Don’t prop up failed system, ActionAid warns G-20

04 Apr 2009

While the leaders of the world, including Indian prime minister Manmohan Singh, are hailing the G-20 summit in London as a success, the international non-government organisation ActionAid has warned that the $1.1 trillion global recovery package agreed at the meet should not be used as artificial life support for a discredited and 'dying' economic model.

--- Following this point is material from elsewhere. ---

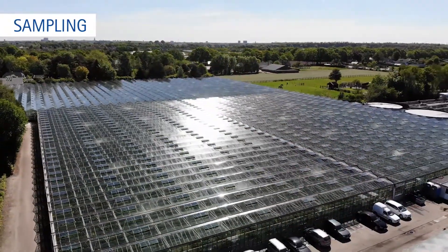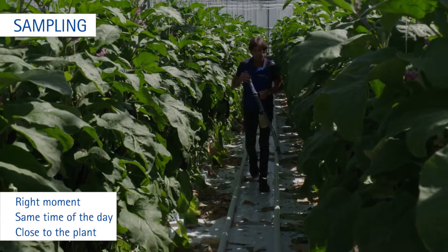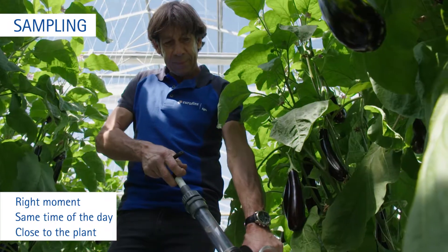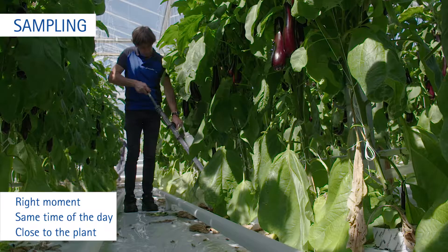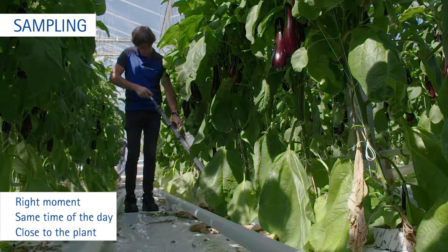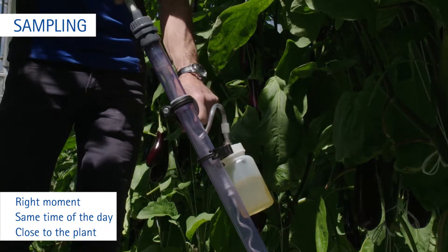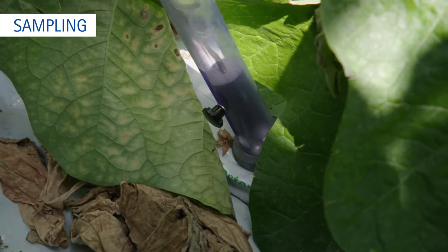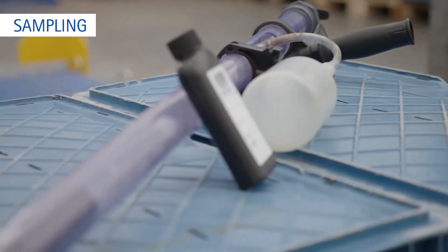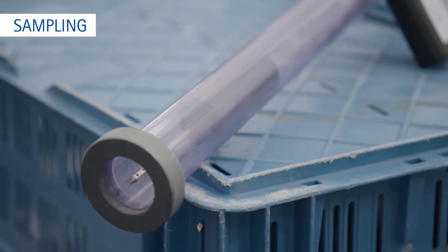Choose the right moment to take the sample — after a couple of irrigations and between two irrigations. Always take the sample at the same time of day, preferably before noon. Take a water sample as close to the plant as possible, preferably within a distance of 10 cm from the dripper, in the root zone. Use a water sampler if possible. If you do not have this instrument, you can use a syringe.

"There is a risk that this expensive breathing space will be used to carry on business as usual," Soren Ambrose, ActionAid's development finance adviser, said in a statement on Friday, a day after the summit closed in London. "Instead, developing countries need to be encouraged to introduce new policies to put markets at the service of people instead of the other way around.''

"We need to invest in the human capital and the productive capacity of women and the poor to bring about land reforms, massive investment in smallholder agriculture, universal and free education and health care," added Anne Jellema, international policy director at ActionAid.

Use of the International Monetary Fund's reserve assets is an innovative step, but it needs to be repeated every year until the recession ends, rather than used on an ad hoc basis, she said.

"This will enable poor countries to access much needed liquidity at very low rates of interest without incurring the complex and often punitive conditions attached to normal IMF loans," he added. "The Group of 20 must ensure that at least half of IMF's Special Drawing Rights go to developing countries."
 
Currently, SDR allocations are related to a country's economic and political clout rather than its actual needs, and the IMF is largely controlled by the US along with a few other wealthy economies.